Un peu comme au théâtre, nous présenterons tout d'abord le public de l'habitat inclusif (§ I), ses acteurs (§ II) puis, pour planter le décor, les logements auxquels il s'applique (§ III).

Le public concerné par l'habitat inclusif

– L'âge et le handicap. – La loi de 2018 définit l'habitat inclusif comme étant « destiné aux personnes handicapées et aux personnes âgées qui font le choix, à titre de résidence principale, d'un mode d'habitation regroupé, entre elles ou avec d'autres personnes, le cas échéant dans le respect des conditions d'attribution des logements locatifs sociaux (...) et des conditions d'orientation vers les logements-foyers (...), et assorti d'un projet de vie sociale et partagée défini par un cahier des charges national fixé par arrêté des ministres chargés des personnes âgées, des personnes handicapées et du logement ». La qualification d'habitat inclusif peut donc être retenue dès lors que deux personnes, âgées ou handicapées, au moins, exercent le choix, pour leur résidence principale, d'une habitation groupée.
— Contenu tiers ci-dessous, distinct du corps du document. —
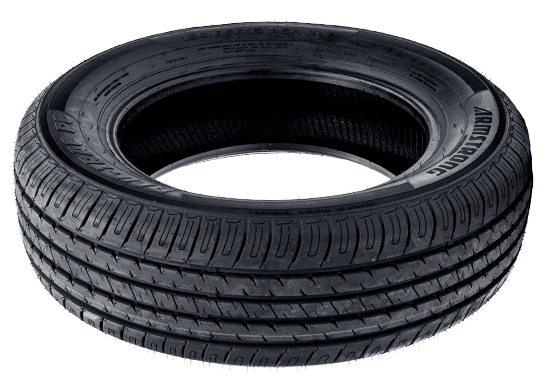 Llanta Armstrong BLU-TRAC PC 215/65R16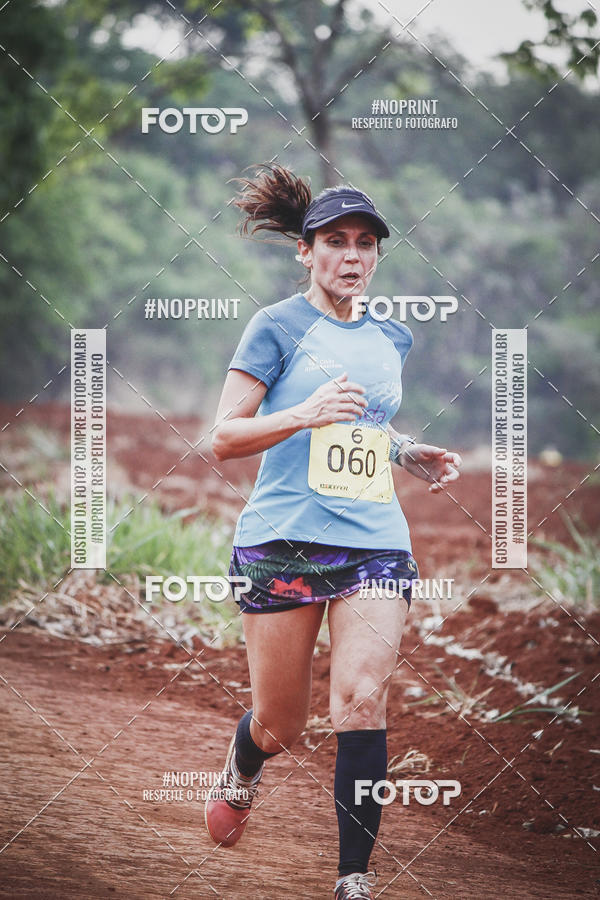 Buy your photos of the event1 USP-RP Trail Race on Fotop
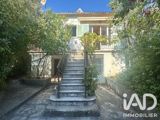Vente  Maison de 129 m² à Toulon 399 000 euros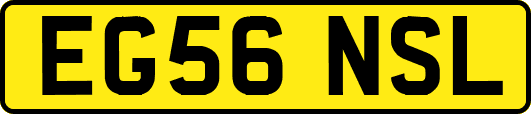 EG56NSL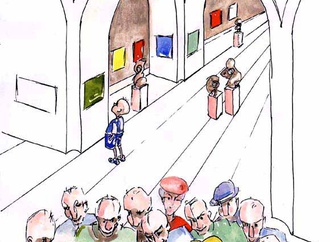 
                                                            tsocho_peev_1_ _bulgaria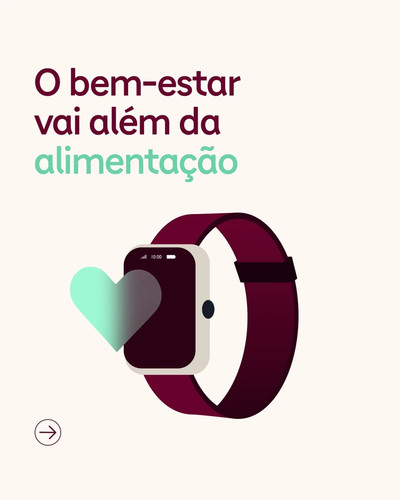 get? sig=D8IYUAdAdUJkic27Sv DSw& expires=1753736536&uri=https%3A%2F%2Fscontent lga3 3.cdninstagram.c.jpg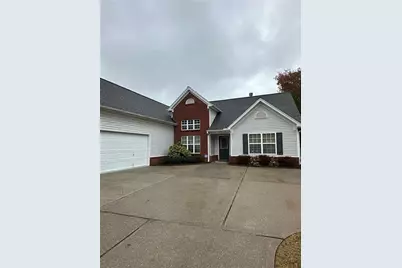 4138 Deer Springs Way, Gainesville, GA 30506 - Photo 1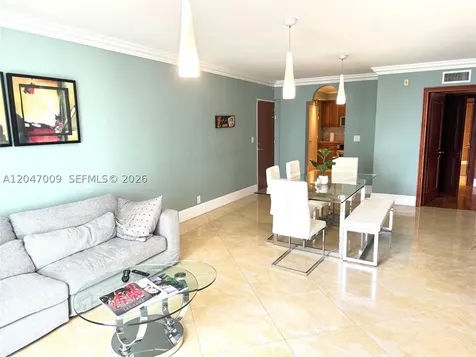 3901 S Ocean Drive Hollywood FL 33019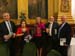 Glasgow JSoc Centenary Dinner 19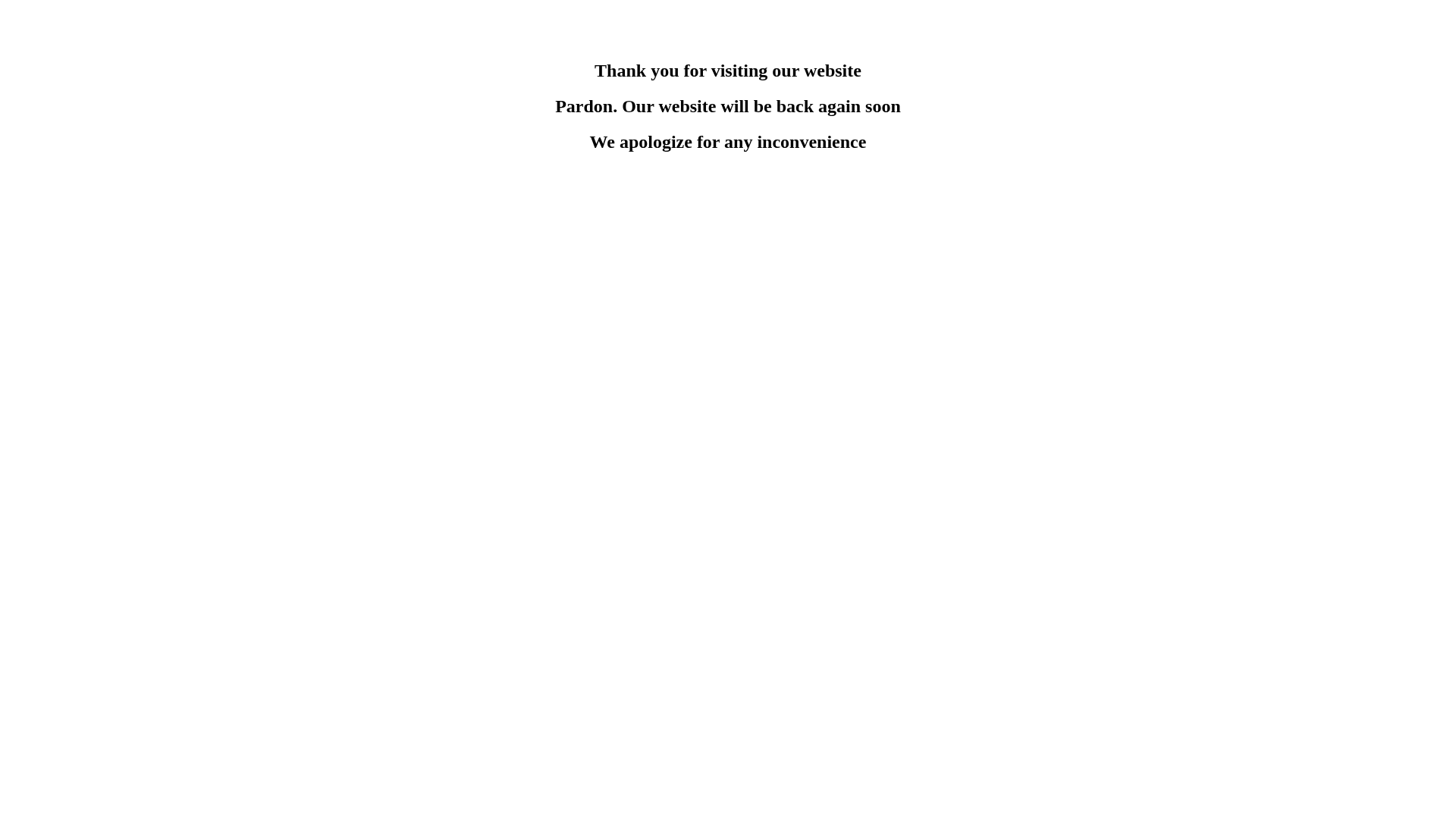 Screenshot of cdn.gosafemode.com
Pour autant, ni l'âge ni le handicap ne sont définis par l'article L. 281-1 du Code de l'action sociale et des familles. M. Zalewski-Sicard propose de retenir l'âge minimum de soixante ans si la personne est reconnue inapte au travail et soixante-cinq ans dans les autres cas. En ce qui concerne les personnes handicapées, il propose de se référer à l'article L. 114 du même code : « Constitue un handicap, au sens de la présente loi, toute limitation d'activité ou restriction de participation à la vie en société subie dans son environnement par une personne en raison d'une altération substantielle, durable ou définitive d'une ou plusieurs fonctions physiques, sensorielles, mentales, cognitives ou psychiques, d'un polyhandicap ou d'un trouble de santé invalidant ».
– L'ouverture aux valides. – Pour autant, ces critères précédemment énumérés quant à la vieillesse et au handicap ne sont pas restrictifs, car les personnes valides non concernées par ces problématiques et attirées par ce type d'habitat y sont également accueillies, sous réserve qu'au moins deux personnes âgées ou handicapées y résident. Cela permet notamment d'accueillir les conjoints des personnes âgées ou handicapées qui ne sont eux-mêmes ni âgés ni handicapés. Bien entendu, le logement concerné, bien qu'accueillant des personnes valides, comportera les équipements nécessaires aux besoins de ses habitants en perte d'autonomie.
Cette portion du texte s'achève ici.